- Location on the Cocos (Keeling) Islands

General information
- Status: Completed
- Type: Houses for government employees
- Location: Orion Close, West Island, Cocos (Keeling) Islands, Australia
- Coordinates: 12°11′38″S 96°50′00″E﻿ / ﻿12.1940°S 96.8333°E
- Completed: c. 1950s
- Client: Australian Government

Technical details
- Material: Cement asbestos

Commonwealth Heritage List
- Official name: West Island Elevated Houses
- Type: Listed place (Historic)
- Designated: 22 June 2004
- Reference no.: 105359

= West Island Elevated Houses =

The West Island Elevated Houses are heritage-listed houses at Orion Close, West Island, Cocos (Keeling) Islands, an external territory of Australia. It was added to the Australian Commonwealth Heritage List on 22 June 2004.

== History ==

The West Island Elevated Houses were built during the 1950s as part of the establishment of housing for Australian Government employees administering the Cocos (Keeling) Islands. The houses were built as part of the West Island housing settlement.

==Description==

The West Island Elevated Houses are the last houses to the south of the West Island Housing Area. There are two houses clad in cement asbestos and have a plan form and design suited to local climatic conditions. Most have distinctive raking on end walls and there are several variations on the "Type 2" plan which have been achieved by lengthening the base plan. The houses mainly have three bedrooms, kitchen, bathroom and living room with a large hall leading onto the front porch. There is a separate laundry out the back of the house. The Shire Clerk's house has a large added verandah to the west.
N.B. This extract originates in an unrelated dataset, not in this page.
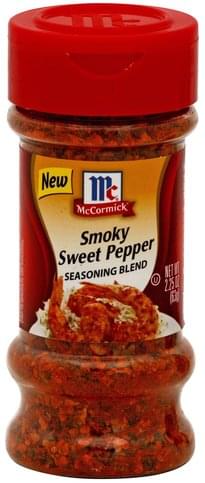 innit seasonings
In 2000 the condition of the houses was assessed as still being good.

== Heritage listing ==
The West Island Elevated Houses are significant for their association with the establishment of housing for Australian Government employees administering the Cocos (Keeling) Islands. The presence of the Australian Government assisted the self determination of the Cocos Malay people. The houses are significant in the development of the West Island settlement which grew after Government House was located on West Island in 1953.

The Elevated Houses are significant as examples of Australian Government housing on the Cocos (Keeling) Islands with a plan form and design suited to local climatic conditions. The two houses are larger variations of standard "Type 2" houses and their siting to the far south of West Island, near the administrator's residence, indicates their important status on the Islands.